In our travels, we’ve reviewed many companies that have similar origination models. Most get the word out using television ads, radio, telemarketing, or old-fashioned snail mail. Nowadays many shops are turning to the Internet as a lead source because it is seen as the starting point for most consumers.
What jumped out to us during this visit: the CEO informed us he had recently requested a full audit from the Department of Labor to ensure his compensation practices met current regulations and labor laws. Yes, you heard me right. He requested the audit. Seldom do we see managers extend an open invitation to regulators. Let me explain why this CEO was compelled.

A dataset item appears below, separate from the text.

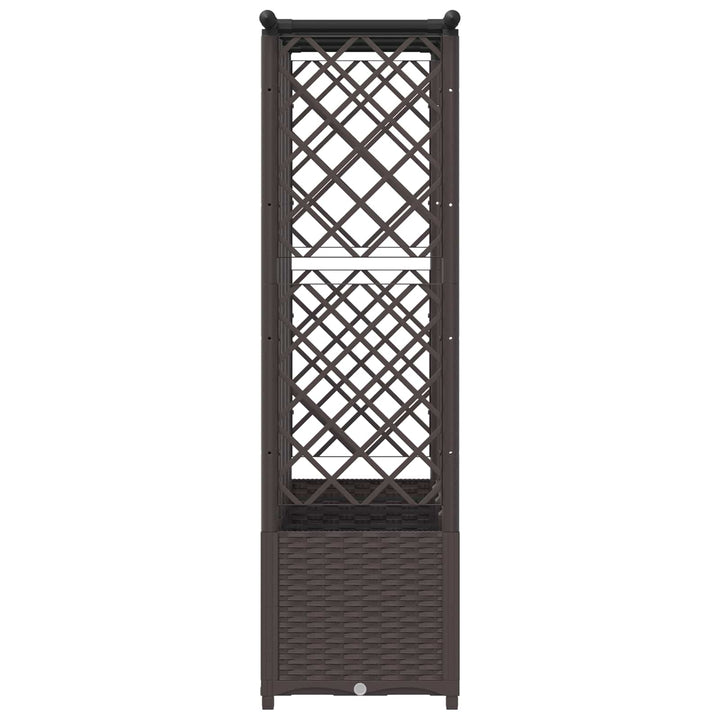Hævet Bed med Trellis og Tag Brun 203 x 40 x 138 cm PP
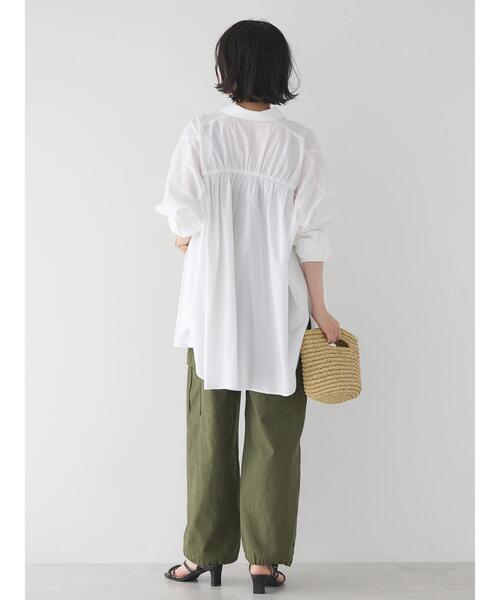 AMERICAN HOLIC（アメリカンホリック）の「接触冷感バックギャザーシャツ（シャツ/ブラウス・レディース・ストライプ/オフホワイト・L/M）」の12枚目の写真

This company is very conservative and takes compliance very serious. For example, every loan has a pre-funding compliance review and a post-funding review. The shop is licensed in 20 states and has received impeccable feedback from each state examiner. Because he proactively manages his company, he decided to bring in the DOL to scrub his loan officer compensation policies.
Call center loan officers are treated differently from outside loan officers. Because they are required to spend their time working in an office and follow specific processes and procedures, there are specific compensation requirements. I did not have access to the DOL regs, but here is what I heard from the CEO:
- Loan officers must be paid a minimum wage. Commissions can be included in the minimum wage. This company paid each loan officer a minimum wage of $2K per month.
- Loan officers are required to use a time sheet to track the number of hours worked each day. If they work over 8 hours, overtime is due to the loan officer
- Overtime is based on total compensation paid to loan officers, not on the minimum wage.
Anyone originating loans through a call center should either request an audit by the DOL or seek legal advice from a labor attorney. It’s better to be proactive today with “all eyes on the mortgage business. Wrongful terminations and compensation claims can be costly.